Buying up Cusco
Another wonderful breakfast at our hotel. In addition to a vast buffet we may order individually prepared hot dishes including a full cooked breakfast. No one goes hungry.
Today is a free day in Cusco. We have included a tourist ticket that grants access to a number of museums and attractions and guests head off in various directions. Later we hear tales of visits to the Inka Museum, to the Chocolate Museum, to San Blas and, of course, to a variety of shops! Amongst the purchases are silverware and Alpaca. Sadly, Richard is unable to prevent Dawn from joining in.
This evening we are dining early, at 5pm. Our private dining room at the hotel is ready and the staff are attentive as usual. We are dining early so we may attend a local folklore performance. Just as we gather to walk to the nearby theatre, it starts to rain. This is the first of the tour so we shouldn’t really complain. We borrow umbrellas from the hotel concierge but within a few minutes it stops raining.

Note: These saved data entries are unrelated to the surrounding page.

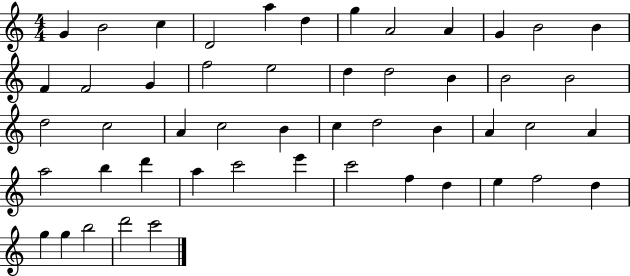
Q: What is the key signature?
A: C major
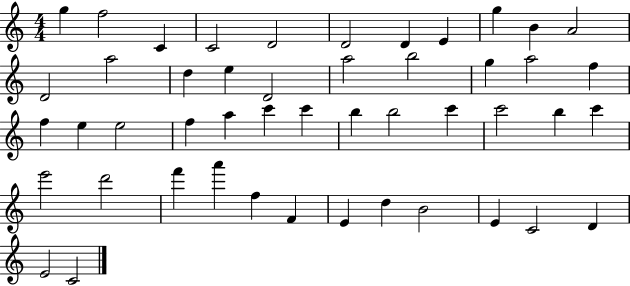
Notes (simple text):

G5/q F5/h C4/q C4/h D4/h D4/h D4/q E4/q G5/q B4/q A4/h D4/h A5/h D5/q E5/q D4/h A5/h B5/h G5/q A5/h F5/q F5/q E5/q E5/h F5/q A5/q C6/q C6/q B5/q B5/h C6/q C6/h B5/q C6/q E6/h D6/h F6/q A6/q F5/q F4/q E4/q D5/q B4/h E4/q C4/h D4/q E4/h C4/h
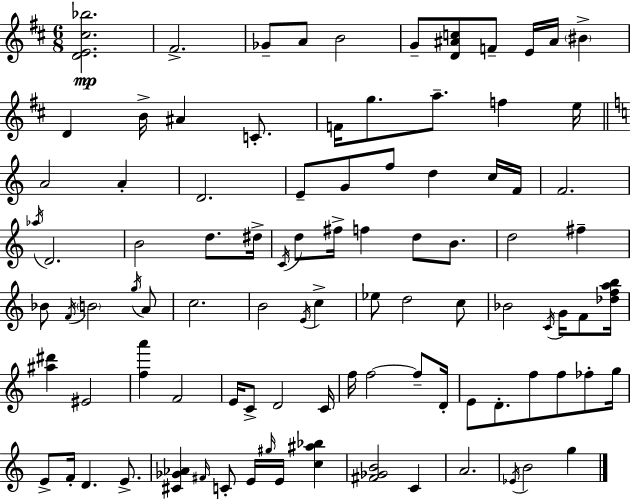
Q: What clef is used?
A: treble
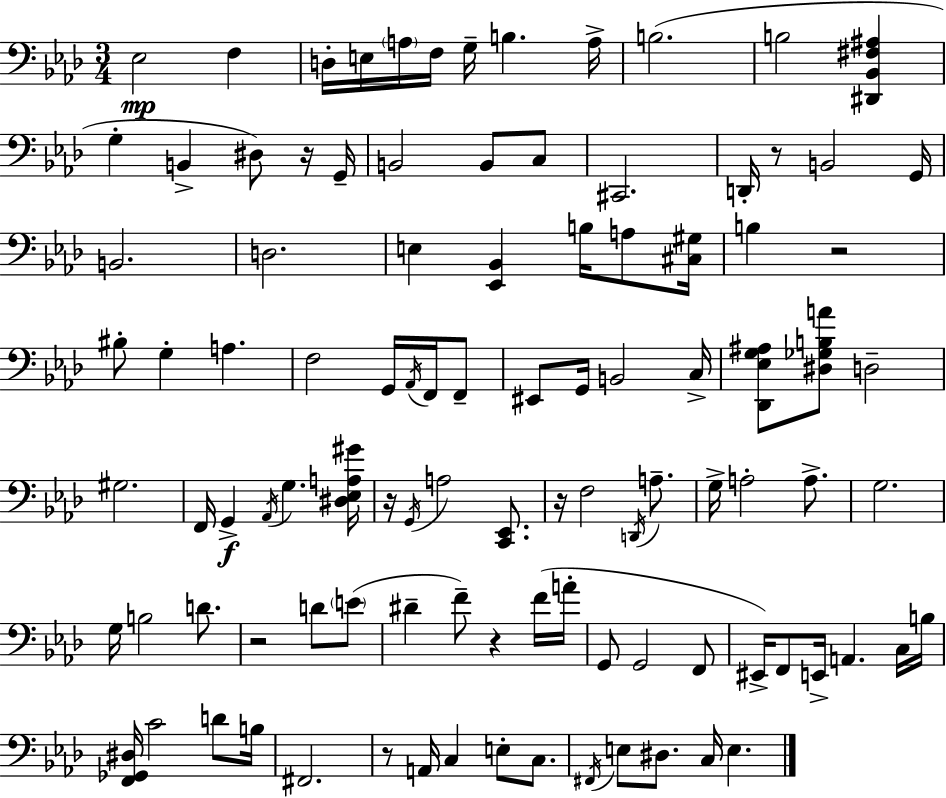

In the theatre the musicians are setting up and a technician is running about arranging (and then re-arranging) lights and microphones. It all seems a bit chaotic. In due course an announcer in traditional costume walks onto stage to welcome the audience. The first item is a dance typical of Cusco. There are 10 dancers on stage, in colourful costumes. After about 5 minutes, they dance off and we applaud. There is a pause and a microphone is tapped loudly to check it is working. The announcer returns. She is smiling. She announces the next dance. The music starts but there is a long wait until some dancers appear – this time in slightly different costumes. And so it goes on but fortunately only for just over an hour. There is a similarity to Morris Dancing at times - bells, handkerchiefs and sticks! The performers are working very hard (particularly considering the altitude) but the show could probably do with a little input from a West End stage director.